Harper vs Supreme Court of Canada (Updated)
March 21, 2014
The Supreme Court’s rejection of Harper nominee Marc Nadon to fill an upcoming vacancy must come as a major slap in the face to a prime minister who does basic math: he has appointed five of the eight judges, and they just won’t stay bought. They voted six-to-one against his man. One recent Harper appointment recused himself. Another voted for Nadon. But the other three voted the appointment down because Nadon was not qualified according to the rules laid down in the Constitution.
Harper can’t very well cut the budget of the Supreme Court of Canada and expect Beverley McLachlin and her colleagues to fold their tents and go home. He can’t remove their charitable status, nor pack their board of directors. He can’t even change the law to qualify his personal candidates for the high court. He tried that by adding a page to the last omnibus bill. They quashed the change along with Nadon’s nomination. Damned Constitution.

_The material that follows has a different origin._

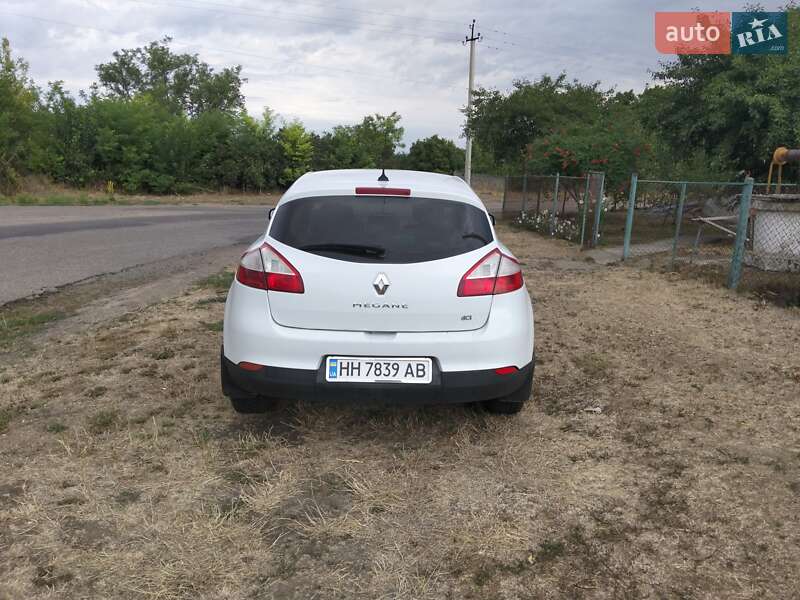 Хэтчбек Renault Megane 2014 в Первомайске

Now McLachlin and the five others who voted against Nadon specified in their report that they did not judge whether Nadon could still qualify for the post if he were again to join the Quebec Bar. That was not the question they had been asked. This leaves Harper, the man who gave new life to the word “prorogation” in the Canadian lexicon, another out: all he has to do is hop through the court’s hoops and then send Nadon, hat in hand, again to attempt to gain admission to the vacant Supreme Court seat.
Under the circumstances I would do exactly that. But Stephen Harper has had eight years of power, and his growing pride in his authoritarian rule may not allow him to bend to the Court’s will.
Expect Harper to fire a blast at constitutional lawyer Rocco Galati, the Supreme Court, the Constitution, and pretty well everyone else from his favourite perch: the lectern of a press conference in Europe. This may leave the Ukrainians within earshot slack-jawed in bewilderment, but it’s not about your country’s problems, guys. When Harper speaks on the world stage, it’s about Stephen Harper.